The objective of corrosion modeling is to calculate expected corrosion rates for carbon steel and verify that the chosen wall thickness for the subsea flowlines and equipment is sufficient to withstand the effects of internal corrosion over the design life of the development.
If the CO2 corrosion modeling calculations indicate the need for a corrosion allowance in excess of 8 mm over the design life of the system when using chemical inhibition, corrosion resistant alloys are recommended to prevent CO2 corrosion.
There are a significant number of variables that need to be determined before the materials selection process can be completed and these include, operating pressure, temperature, pH, H2S, CO2, Cl-, oxygen concentration, bicarbonates (HCO3-), etc.
If this information is incomplete (or uncertain), the materials engineer is forced to be conservative regarding materials selection.
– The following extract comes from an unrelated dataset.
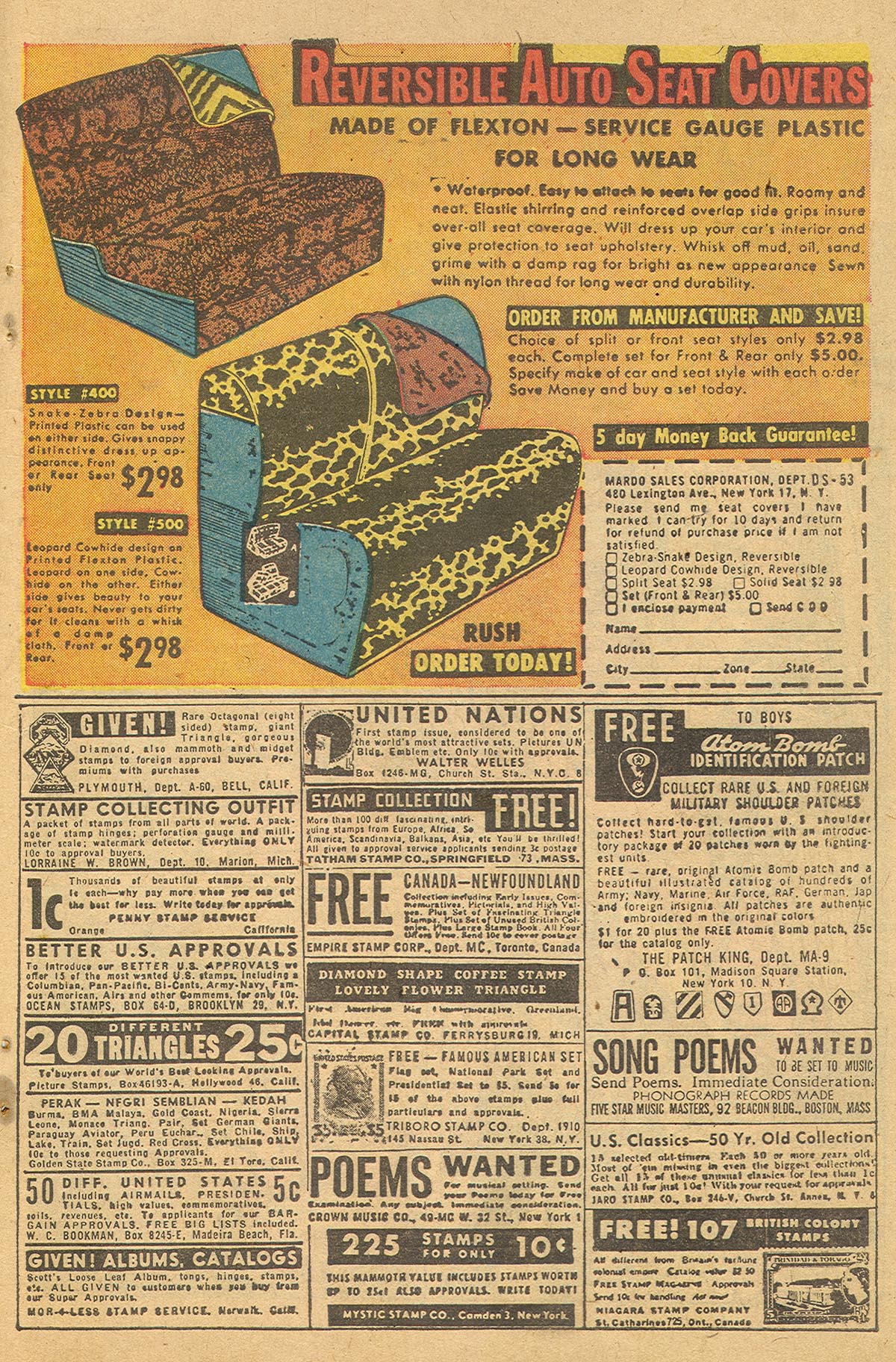 Read online Gunsmoke Western comic -  Issue #44 - 27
For example, the Cl- content will have a significant impact on the risk of cracking and the bicarbonate concentration will affect the pH and therefore the corrosion rate, in particular the CO2 corrosion rate.
If no information is available regarding pH and Cl- level, the following assumptions can be considered;
- For gas production; pH = 3.5 and chloride concentration = 1 g/L NaCl for condensation water and 200 g/L NaCl for formation water.
- For oil production; pH = 4.5 and chloride concentration = 165 g/L NaCl (100 g/l dissolved chloride).